Consumers were lead to believe that in the beginning of the 21st century, the major threat to our personal identity was online; however, as you learn in Kingpin, the real threat was complacency on the part of the FBI (in not releasing names of compromised corporations) and the companies themselves for allowing their Point of Sales (POS) Systems to have little to no security. These machines continued to house data that they were not supposed to, and as such consumers who didn’t even own a computer fell victim to identity theft through the gross negligence of brick and mortar operations.

Kingpin is a fascinating book, since, as an outsider to this world, I never had a great understanding of how carders operated. Throughout the book, it is apparent that there is no honor among thieves, and those that should be the most “trusted” are either back-dooring their customers and stealing whatever they can download or informing LE in an effort to either eliminate competition or reduce a sentence that is already pending. Another great feature of Kingpin is that it serves as a timeline of some of the most important/crucial occurrences in information security. In addition to covering some of the more high profile criminal cases it also shows well known exploits that were being leveraged with reckless abandon such as the Real VNC 4.1.1 vulnerability. I remember this exploit all too well as my department worked tirelessly to ensure that we took all necessary precautions to mitigate this vulnerability.
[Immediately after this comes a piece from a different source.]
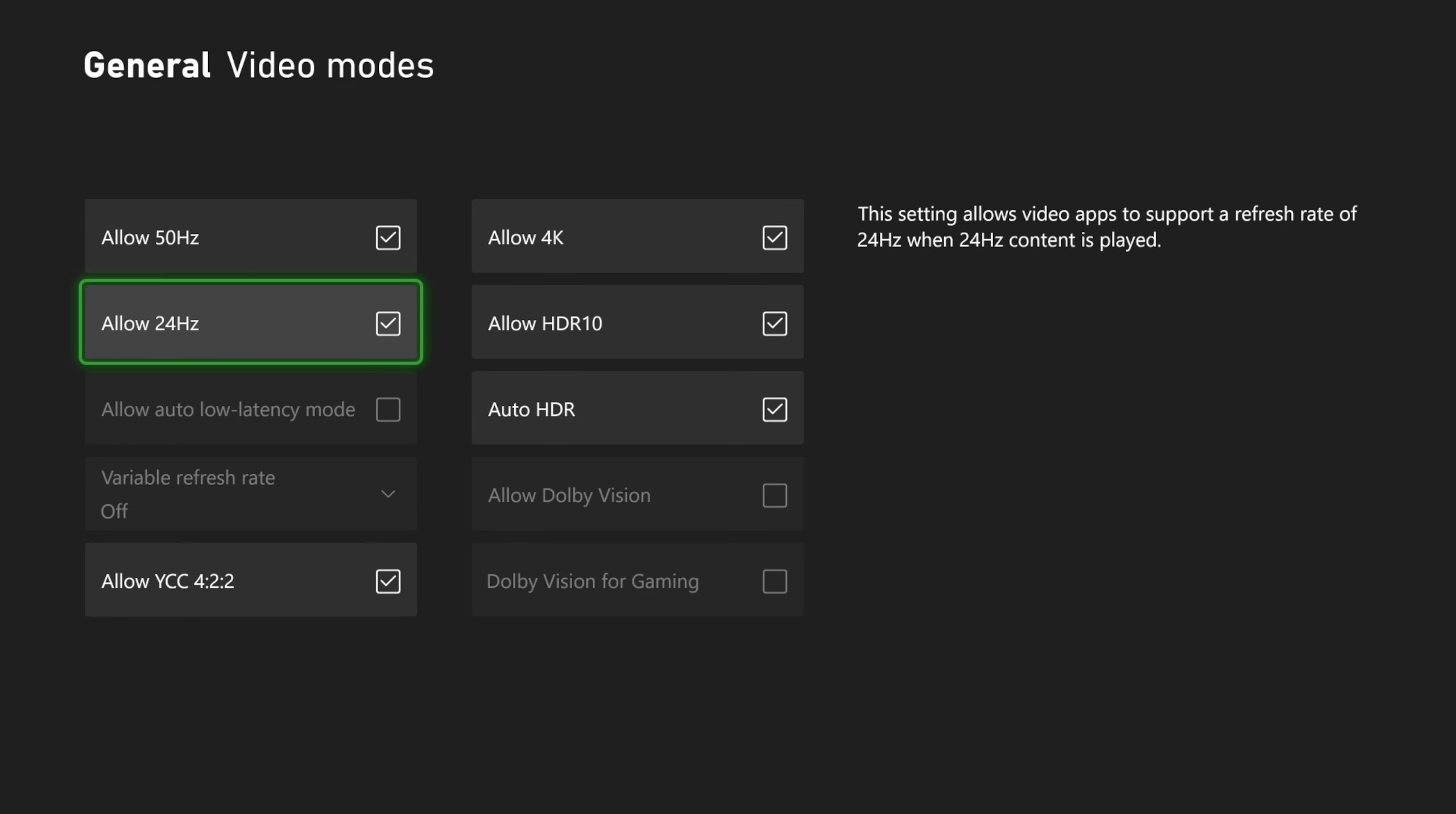I'm not able to check mark this because my monitor, my TV does not support auto low latency mode. I'm literally just using a computer monitor.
poulsen_sm.jpgFinal Thoughts

If there was anything negative about the book, it is the lack of explanation of the various exploits, trojans and backdoors used by Max and his friends to own the carding world. Although there is some technical information including a brief explanation of PGP, this book gives a wider view of the world of identity and credit card theft. Knowing that the desired audience is broader than just us geeks, it is understandable, yet the lack of some more hacking details is still disappointing.

That being said, Kingpin by Kevin Poulsen (pictured on the right) is a great book and one of those you have trouble putting down. It is amazing that everything in the book is factual and not some piece of fiction. Kingpin joins the quickly growing list of InfoSec books that are accessible to the outside world.